The other thing driving me nuts is the tourists. You know, when I arrived here in Gulu, the staff at the Institute for Peace and Strategic Studies, as the Centre for Conflict Management and Peace Studies is now called, introduced me to an American from Louisiana named Jeffrey. Jeff wasn’t so happy to see me, and now I think I understand why. A lot of the foreign aid workers here are self righteous and annoying, not to mention ignorant. Yesterday I watched this tall American man yell at the two girls in the reception office about the lack of power like it was their fault. They didn’t respond to his complaints, only listened looking concerned, until I finally snapped. “You know, it’s out all over town,” I said.

The man looked at me oddly. “Well, I was just across town ten minutes ago, and the power was working just fine.”

“Yeah,” I retorted. “It was. Then about five minutes ago up the block at the Internet café the lights went out, and people had to start their generators. The problem with a hotel this big is that one little generator doesn’t power the whole place, so they wait until the kitchen needs electricity for cooking and then turn the motor on. This happens a lot in Gulu, and even in Kampala. It’s not their fault.”

The guy looked at me, looked at the girls, and then wandered over to the stairwell.
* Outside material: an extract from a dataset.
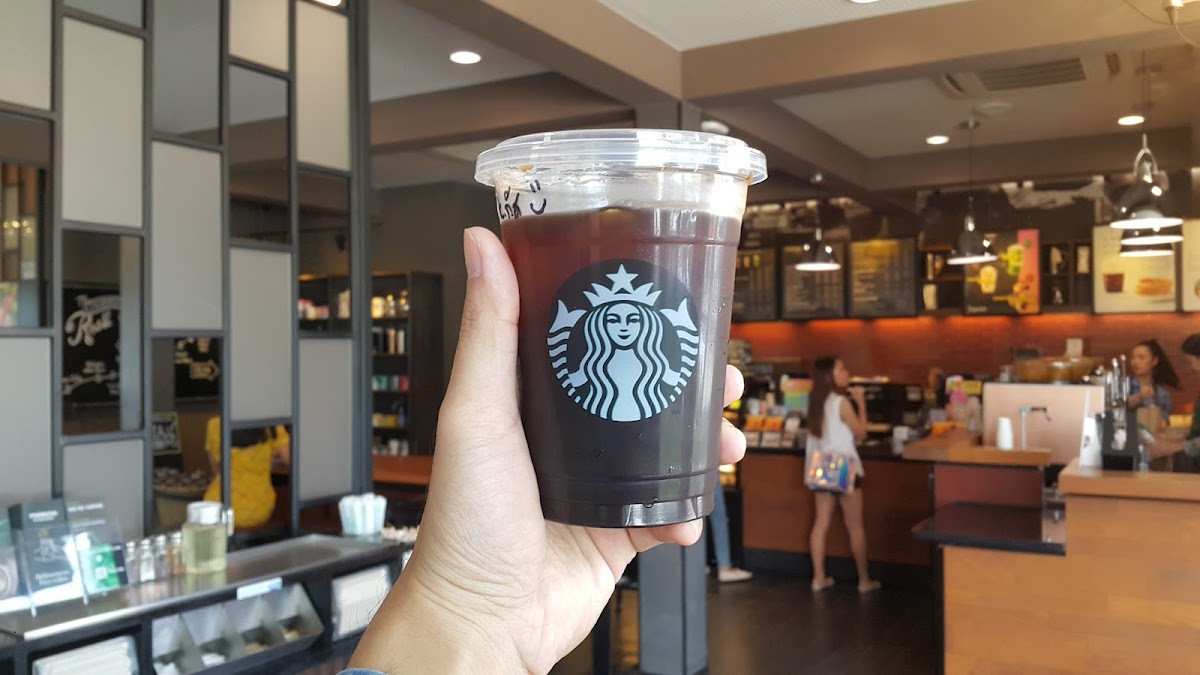 Starbucks Photo 6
“How will I see the way to my room?” he asked. My internal response: Little boy, it’s plenty light still. Just walk up the stairs and quit whining! The folks at Pearl Afrique must be used to this kind of abuse, though, because they summoned a staff member with a flashlight to show the king to his royal chambers. By the time someone got there, a small crowd of these people had congregated at the base of the stairwell, looking up worriedly.

“Why are the lights off?” one twenty-something woman mewled. “Why don’t they put them back on?”

You know, when I was in undergrad a group of friends and I wrote this short story about a blackout in a grocery store in Los Angeles. We decided people wouldn’t be able to handle it, would start acting panicked and fatalistic, like death had come to their precious civilization. Meanwhile, the story went, a small group of bongo players laughed and started dancing in the produce section.

Talk about foreshadowing! I shook my head and marched upstairs, not wanting to admit that these people were actually compatriots.

Then there are the slow talkers. These guys make me want to hit my head against the wall.

“DO … YOU … HAVE … A PHONE … CHAR … GER!!!” a young man from Utah asked the internet café attendant. The Ugandan, who happens to also be named Jeff, stared at the tourist for a long time, not because he didn’t understand the man’s English, but because he was trying to figure out whether the American’s impediment was mental or physical.

“You want me to get you a plug for your phone?” Jeff clarified, perplexed that the man would be asking for phone charging service at an internet café.

“YES. THAT … WOULD … BE … VER-Y … NICE,” Utah brayed, pleased that he had succeeded in communicating. I tried really hard not to laugh out loud.

These Americans, you can spot them from a mile away. They move in groups, carry large backpacks for no reason, and do their best to dress like Jane Goodall. Their only incursions into Uganda involve posh safaris led by other Westerners in the richest areas of the land. This is why the government has been ousting people from their homes to establish wildlife parks – because tourists like these will pay anything to see an elephant.

Please tell me that I don’t act like this.

Anyway, I’ve started calling these travelers “tourists” because clearly they don’t do anything to interact with the resident population. And if you don’t know the people, how are you ever supposed to foster development suited to the community? I wonder if any of these tourists have even tasted malakwon or sim sim. And I’ve never heard one of these people say “kopango” or “afoyo.” It’s like they just want to come see this sad, war-torn land, so they can help the poor people and be enlightened.

Ego tourists. That’s all they are.

Anyway, I should curtail the bile because clearly NGOs and CSOs out here have done a great deal of good. Even a provincial, self-righteous American can be useful, under knowledgeable guidance. But I don’t think I’ll be going to a lot of fancy restaurants, even if I do want good food. Being in a room full of these people is just too grating.

And now I’ve been at least as self righteous. But it feels good to get that off my chest. I'll go be cranky in silence, now.

:)

1 comment:

Sam Gamgee said...

We call them Ugly Americans for a reason. You probably aren't looking much like them to the locals. You have too much of your parents in you. They gave you a view of the world that few Americans ever understand. You are making an effort to learn the language and the culture rather than setting yourself apart from them. Yes, it's really easy to become self-righteous when looking at them, and it's equally important to fight against that self-righteousness lest you turn into an ineffective caricature yourself.

But I have a question. Are you having reactions to the mosquitoes? When I go to China or Russia, the bites I get blow up to about the diameter of a tennis ball!